[Image-caption web data]
══════
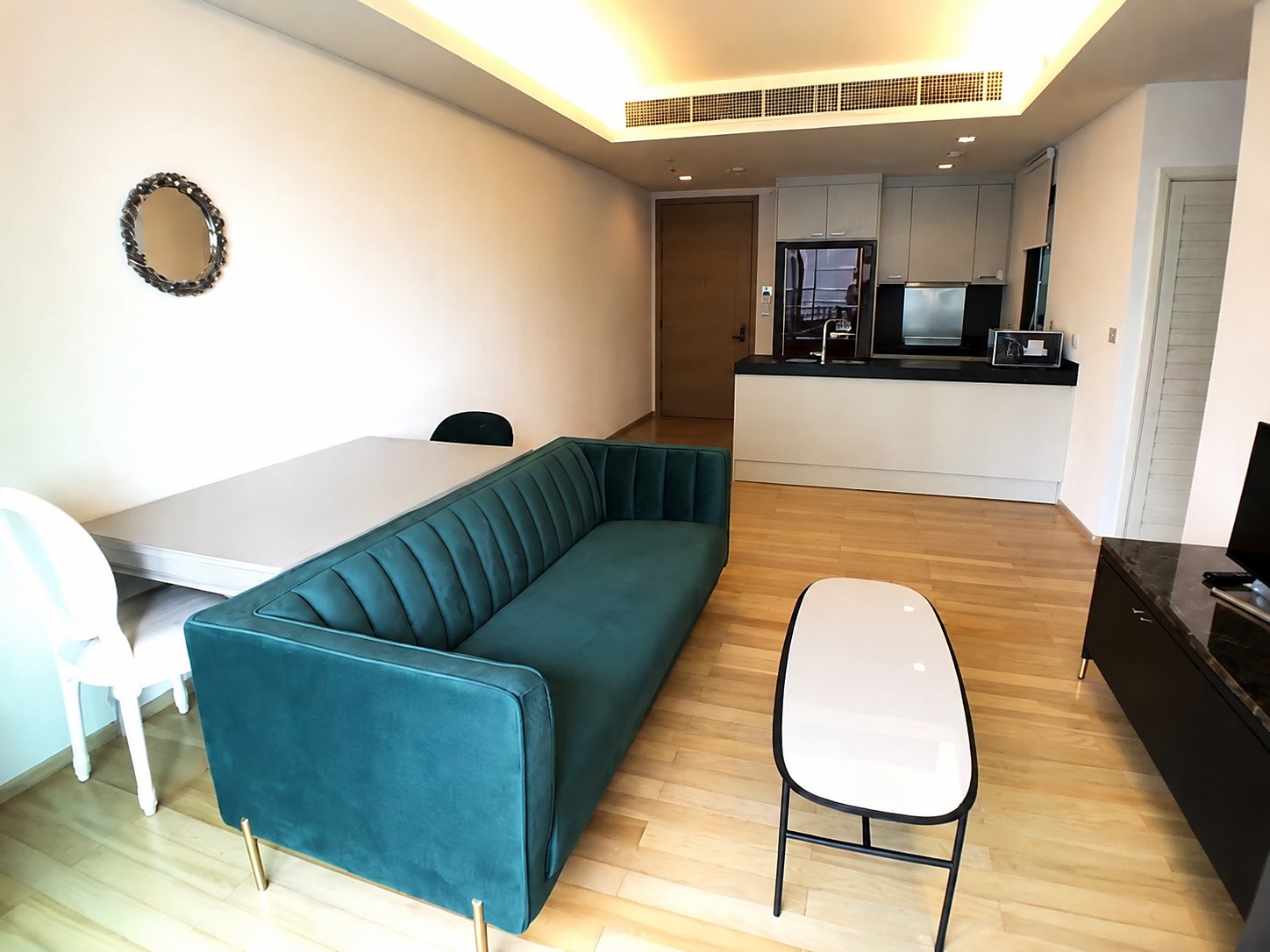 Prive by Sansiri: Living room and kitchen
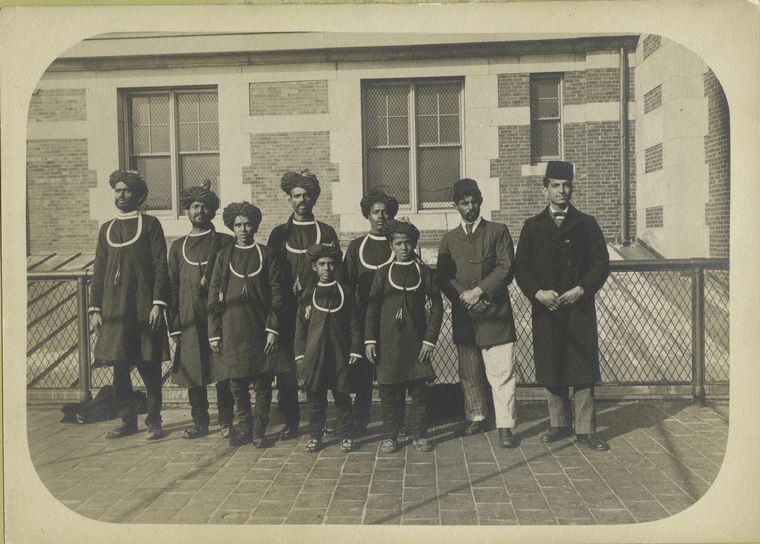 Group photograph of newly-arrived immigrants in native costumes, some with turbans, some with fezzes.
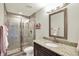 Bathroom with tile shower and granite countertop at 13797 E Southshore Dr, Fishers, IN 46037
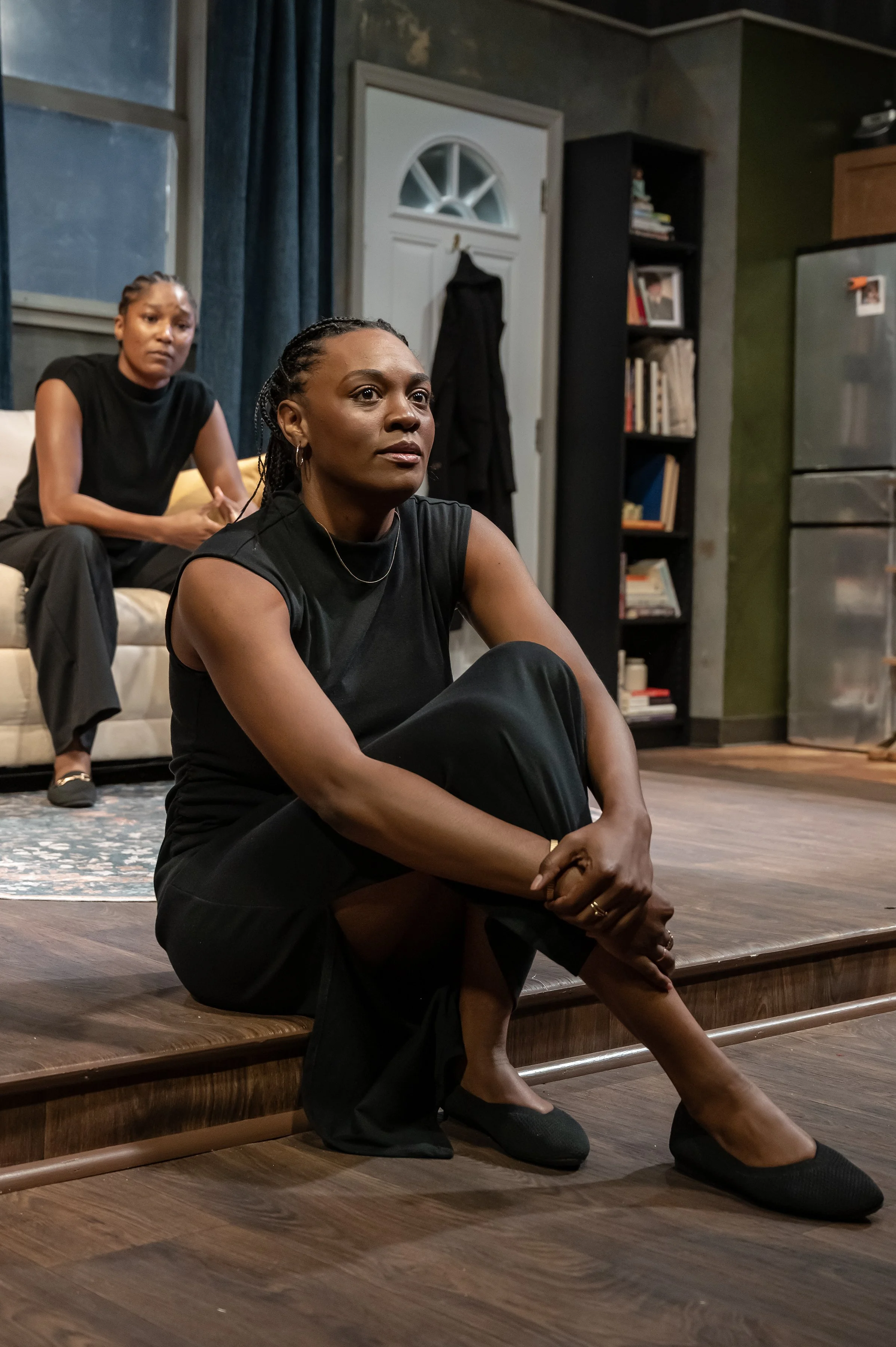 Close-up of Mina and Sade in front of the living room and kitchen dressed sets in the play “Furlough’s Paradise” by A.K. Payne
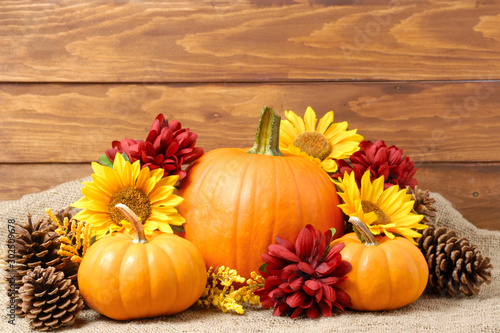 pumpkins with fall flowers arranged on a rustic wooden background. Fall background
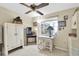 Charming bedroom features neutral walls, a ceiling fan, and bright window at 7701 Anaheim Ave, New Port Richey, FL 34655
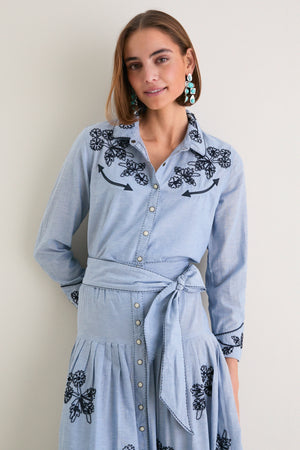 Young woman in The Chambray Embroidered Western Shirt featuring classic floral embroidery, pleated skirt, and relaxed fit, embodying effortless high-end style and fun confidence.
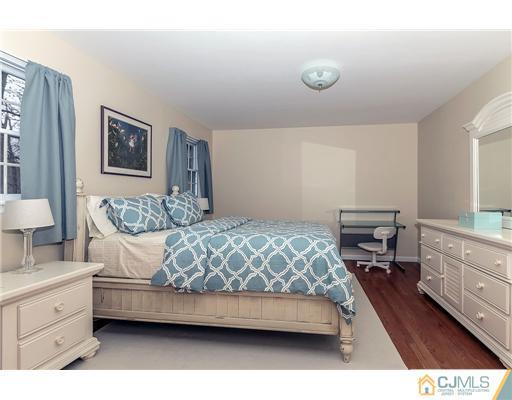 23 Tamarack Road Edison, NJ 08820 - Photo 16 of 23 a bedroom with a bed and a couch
══════
= WHAT TO DO =
Starting at the line containing "Bathroom with tile" and stopping at the line containing "pumpkins with fall", output each line exactly as it appears above. Leave out the pictures.

= EXERCISE ANSWER =
 Bathroom with tile shower and granite countertop at 13797 E Southshore Dr, Fishers, IN 46037
 Close-up of Mina and Sade in front of the living room and kitchen dressed sets in the play “Furlough’s Paradise” by A.K. Payne
 pumpkins with fall flowers arranged on a rustic wooden background. Fall background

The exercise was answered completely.